* _Activity_: For the data that follows, print the line with "Laurel Sofa in Liv Indigo by Sunpan", the line with "CHEVROLET-CLASSIC-1.0 MPFI LS", and all lines between them, exactly as they stand. Omit pictures and add nothing.

* _Information given_:

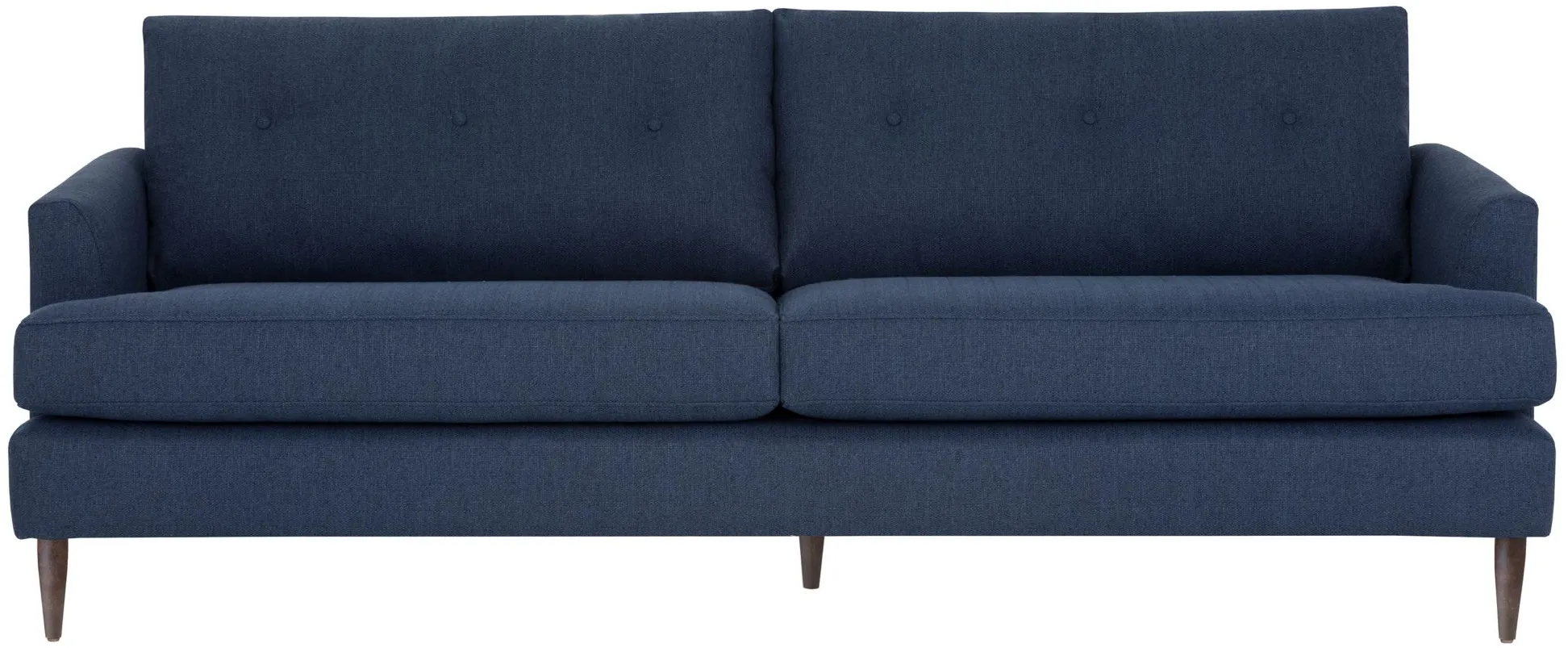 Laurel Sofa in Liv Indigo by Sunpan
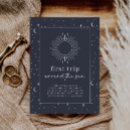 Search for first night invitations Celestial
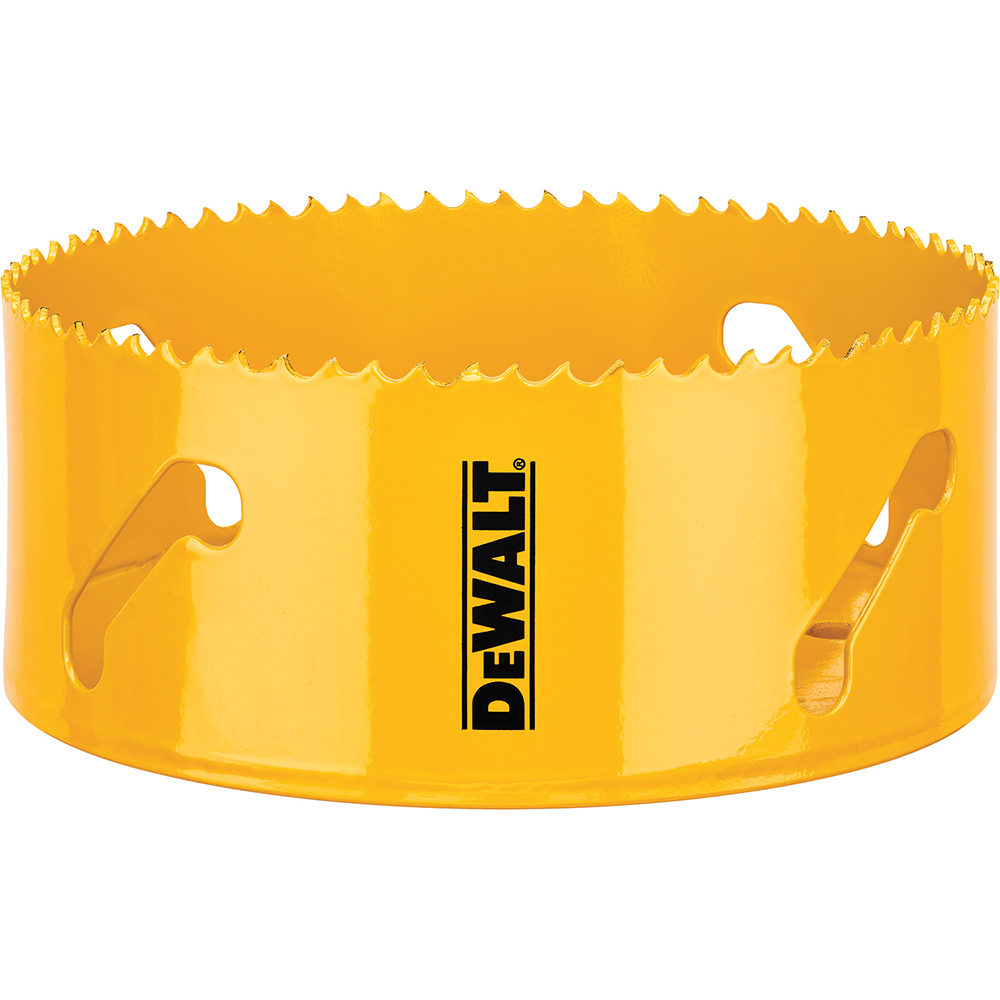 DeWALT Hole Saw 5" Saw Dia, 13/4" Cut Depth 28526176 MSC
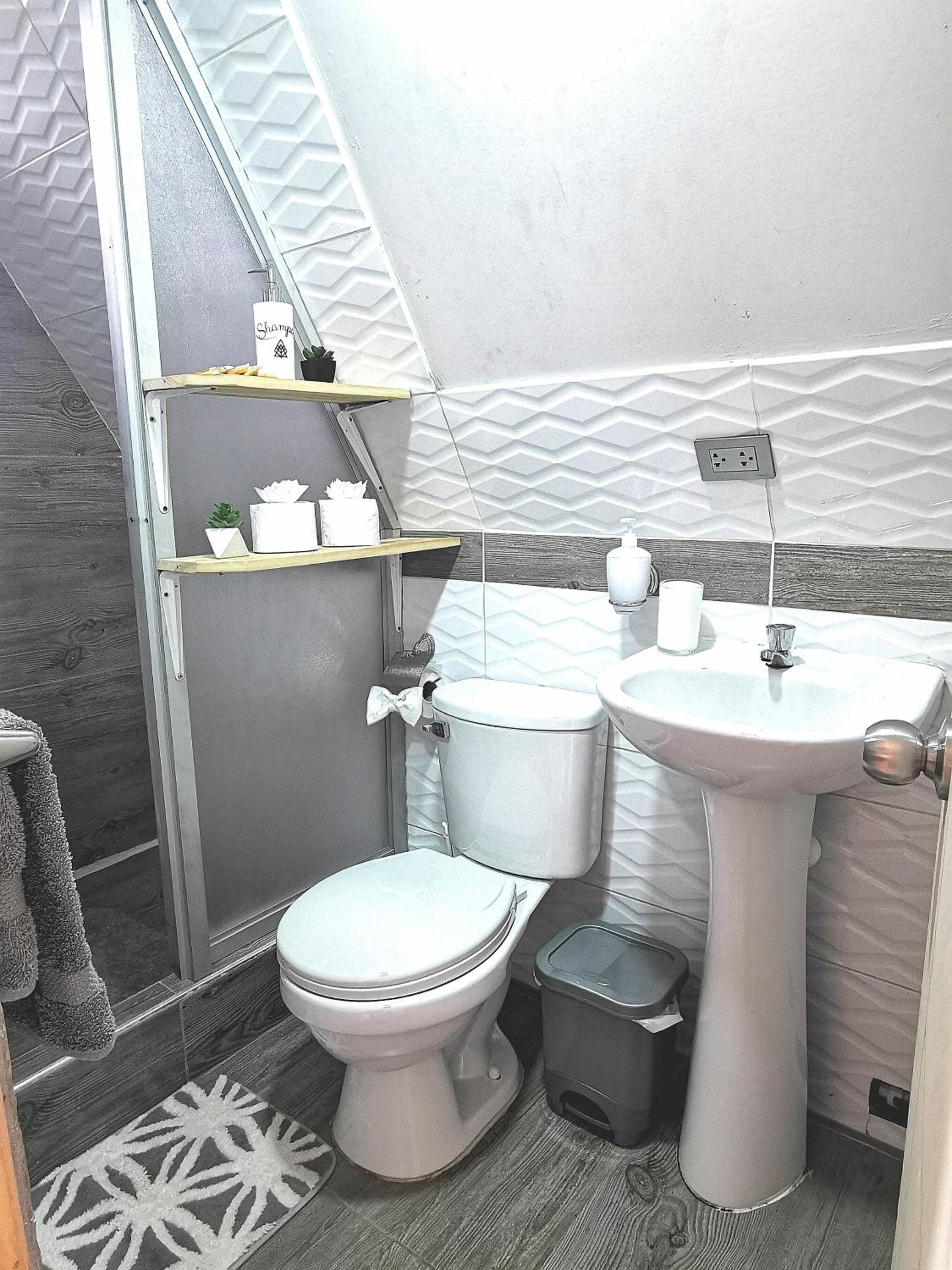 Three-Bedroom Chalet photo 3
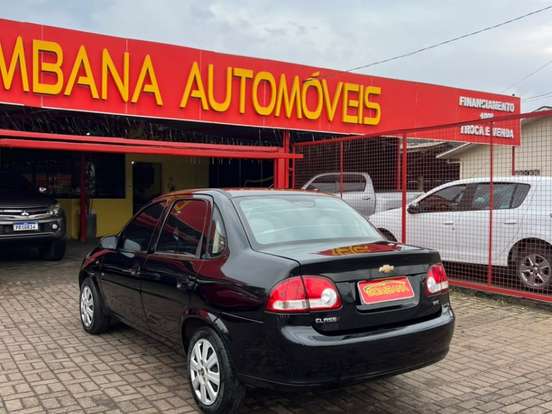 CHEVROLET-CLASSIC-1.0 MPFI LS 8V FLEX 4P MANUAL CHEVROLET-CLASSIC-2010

* * *

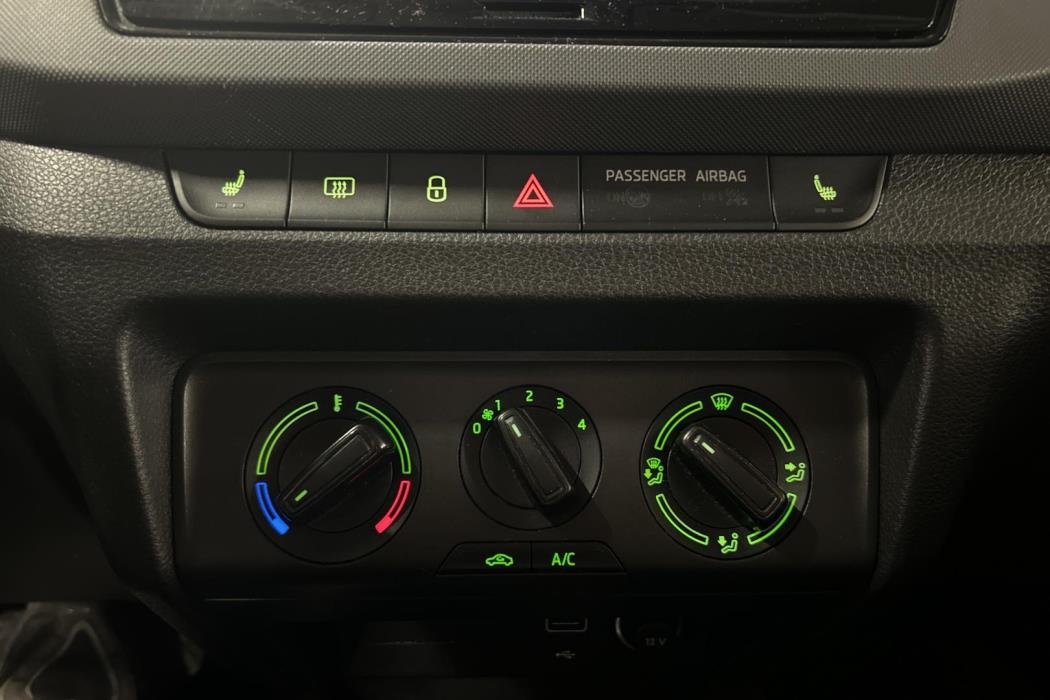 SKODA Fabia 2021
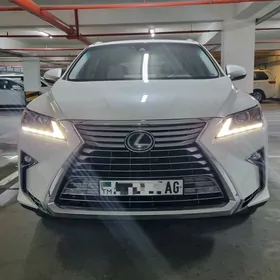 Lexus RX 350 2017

==

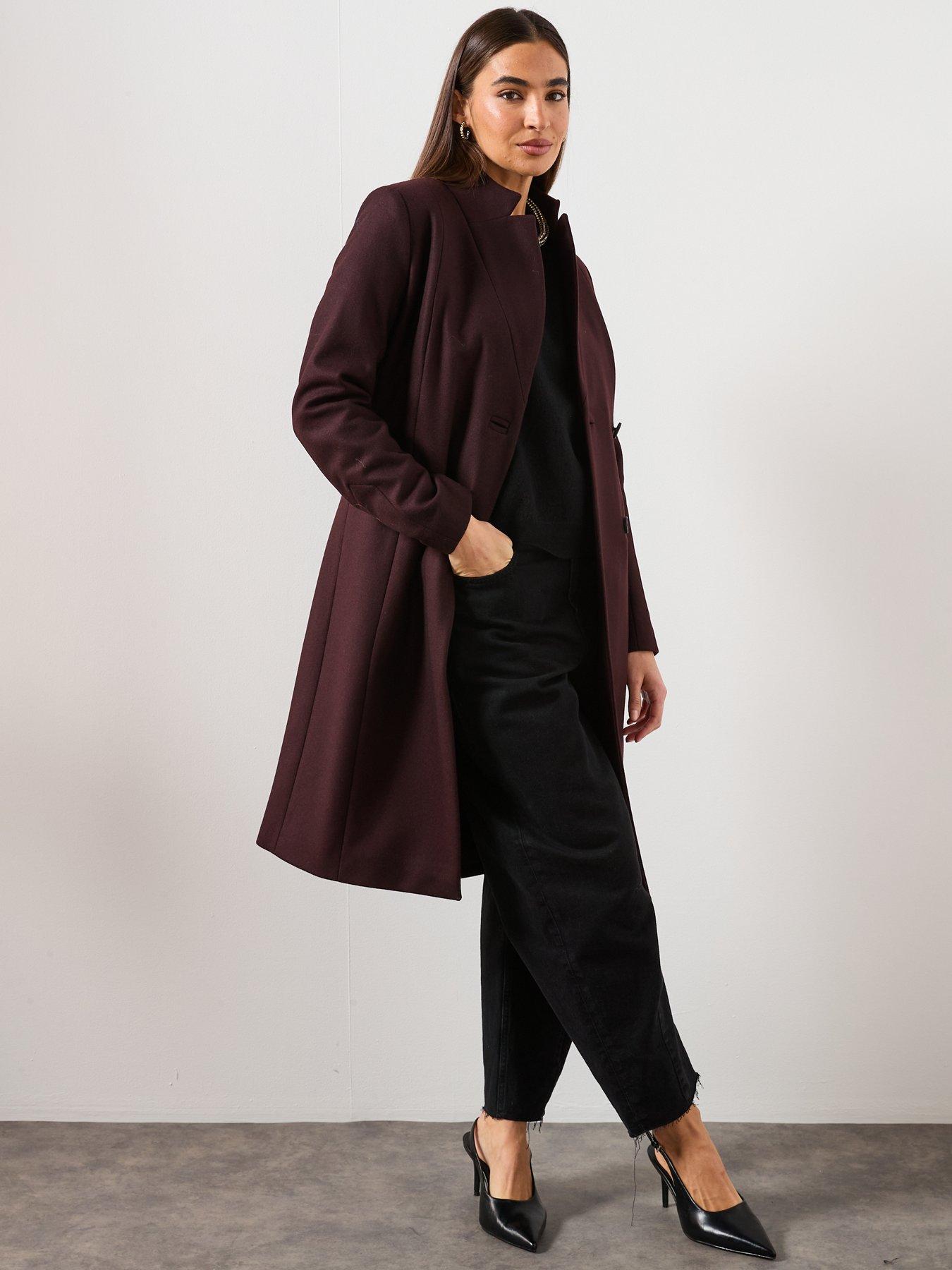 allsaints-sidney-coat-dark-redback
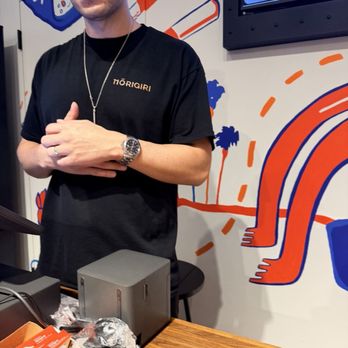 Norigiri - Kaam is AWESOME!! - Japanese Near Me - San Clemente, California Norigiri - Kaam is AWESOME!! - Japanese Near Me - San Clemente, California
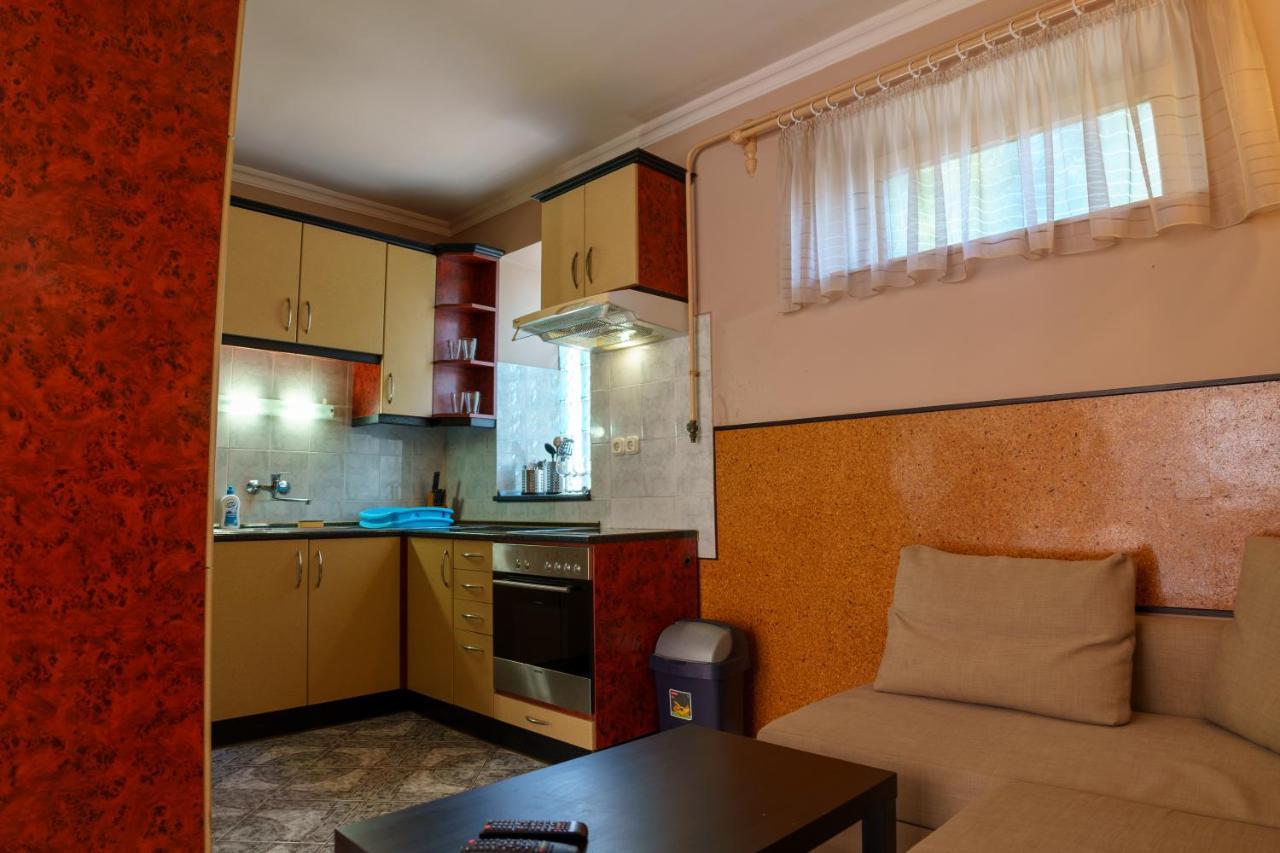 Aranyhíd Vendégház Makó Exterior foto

* _Task result_:
 Laurel Sofa in Liv Indigo by Sunpan
 Search for first night invitations Celestial
 DeWALT Hole Saw 5" Saw Dia, 13/4" Cut Depth 28526176 MSC
 Three-Bedroom Chalet photo 3
 CHEVROLET-CLASSIC-1.0 MPFI LS 8V FLEX 4P MANUAL CHEVROLET-CLASSIC-2010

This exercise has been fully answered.